For 85 years CR has worked for laws and policies that put consumers first. Learn more about CR’s work with policymakers, companies, and consumers to help build a fair and just marketplace at TrustCR.org

Reclassification of Broadband Service by the FCC

What is reclassification and what does it mean for consumers?

Problem: Federal Communications Commission Chairman Julius Genachowski has proposed a plan to clarify the agency’s authority to regulate Internet service providers such as Comcast, Verizon and AT&T. The move by Genachowski became necessary in the wake of an appeals court decision in favor of Comcast in April. Comcast brought the suit in retaliation for an FCC decision against the company requiring that it stop blocking or slowing down data traffic traveling over its Internet network. Taken to its logical conclusion, the appeals court decision appears to undercut the FCC’s authority to regulate Internet service providers, period. At the same time, the appeals court decision appears to kneecap an FCC National Broadband Plan aimed at bringing high-speed Internet service to unserved and underserved areas, as well as to low and fixed income populations. To address this situation, the FCC is considering “reclassification” of Internet service as a telecom service,
similar to traditional landline telephones and other common carriers. Internet service is currently considered an information service, meaning it is subject to virtually no regulation by the FCC. Not surprisingly, big Internet service companies such as Comcast, AT&T and Verizon are fighting hard to avoid reclassification with an all-out lobbying blitz focusing on Congress and the FCC.

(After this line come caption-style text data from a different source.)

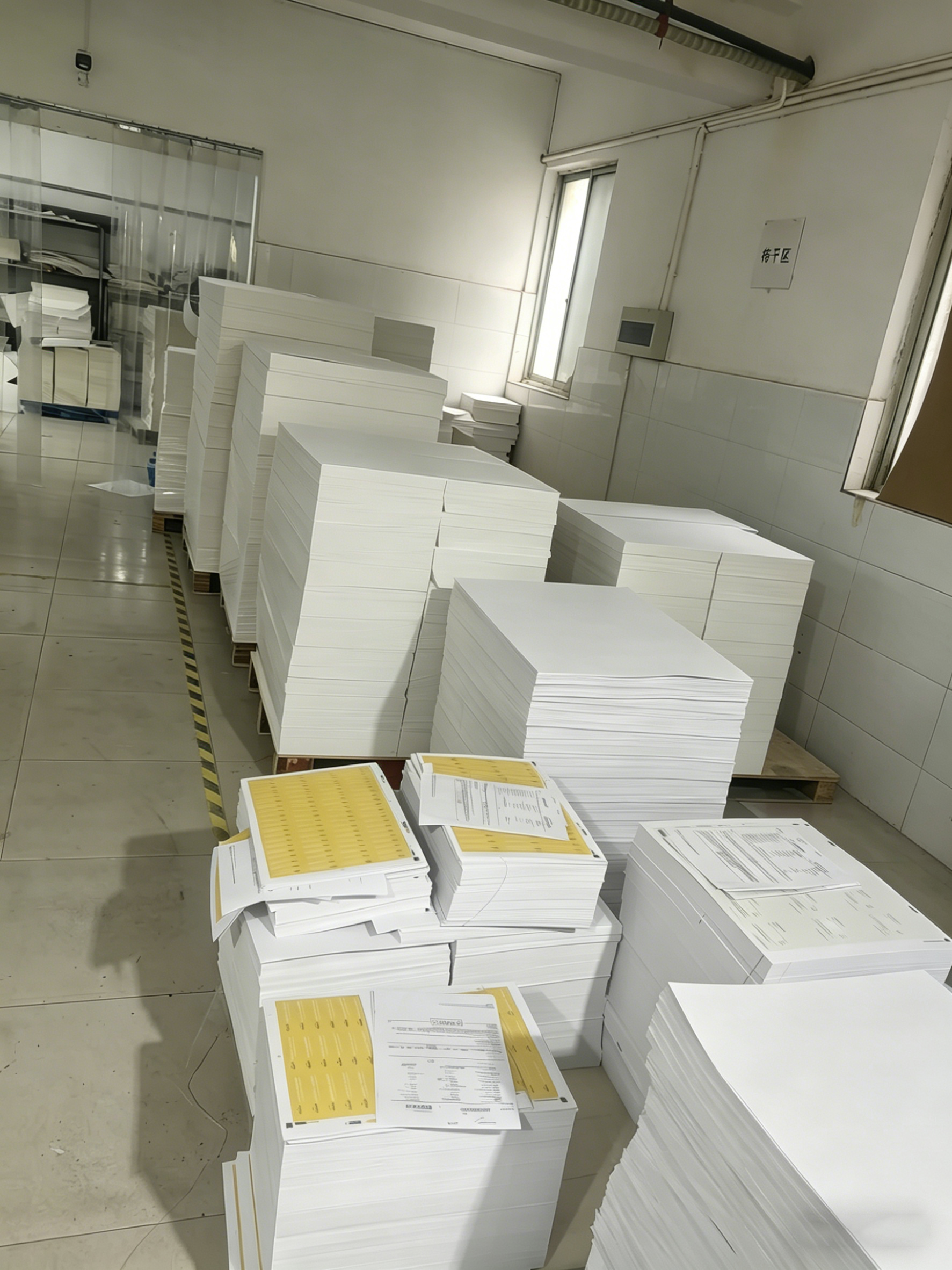Material Storage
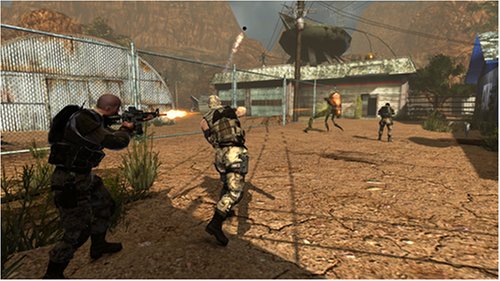 Blacksite: Area 51 - PlayStation 3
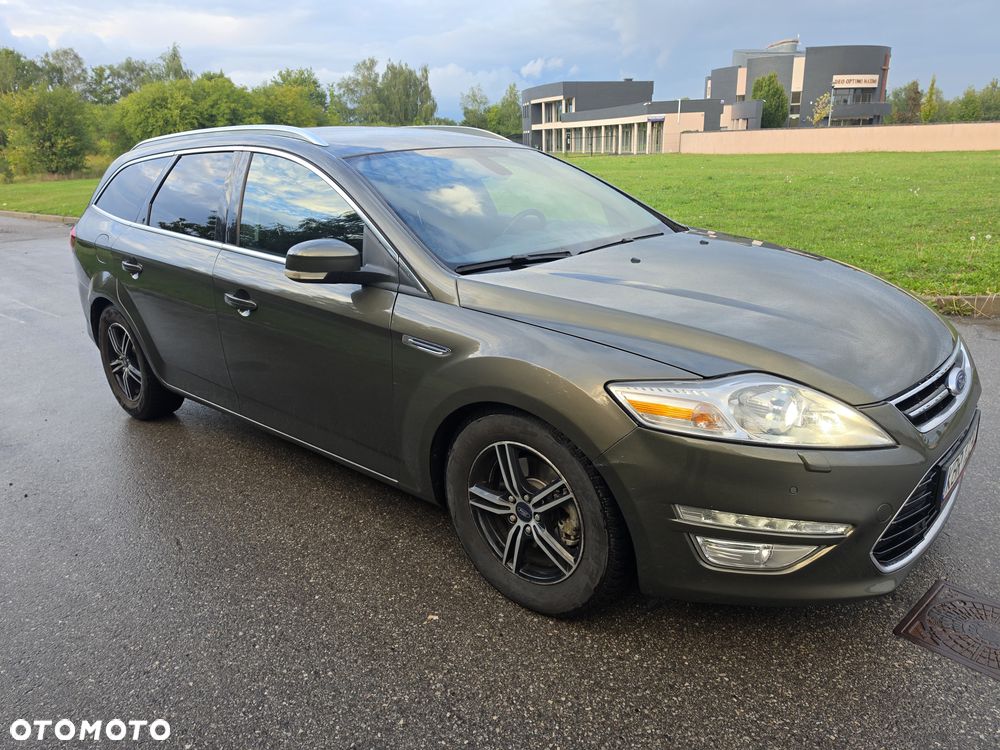 Ford Mondeo 2.2 TDCi Titanium S - 7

Action Requested: It is important for consumers to push hard for the FCC to reclassify Internet service as a telecom service subject to some regulatory oversight rather than the Wild West, consumer-unfriendly industry it has become in recent years.

Why It Matters:

The FCC and possibly Congress need to address a number of situations that harm consumers including:

  • Lack of Competition. The vast majority of Americans have little or no choice when it comes to high-speed Internet service. If they’re lucky, they can get service from either a cable company or a phone company. If they’re not as lucky, they can only get it from one of those providers or can’t get any sort of reliable, reasonably priced high-speed Internet service at all. Despite these facts, the big Internet service providers such as Verizon, AT&T and Comcast argue they operate in a highly-competitive market. The industry is now spending tens of millions of dollars on a full-scale lobbying and public relations blitz in Washington and elsewhere to avoid reclassification, which could increase the chance consumers might enjoy the benefits of true and effective competition in the high-speed Internet market.
  • National Broadband Plan. Without reclassification, it will be virtually impossible for the FCC to implement its well-reasoned and much needed national broadband plan. Internet service providers have shown time and again that they cannot be trusted to when it comes to engaging in anti-consumer and anti-competitive activities. The FCC must act to reclassify high-speed Internet service, which like the railroads and telegraph lines of the past have become the vital backbone of American life including commerce, government, education and entertainment. Unfortunately, Americans are falling farther and farther behind the rest of the world in terms of affordable, high-speed Internet service. That has to change for Americans to remain competitive in and increasingly global economy and society. And it’s clear that won’t happen without reclassification.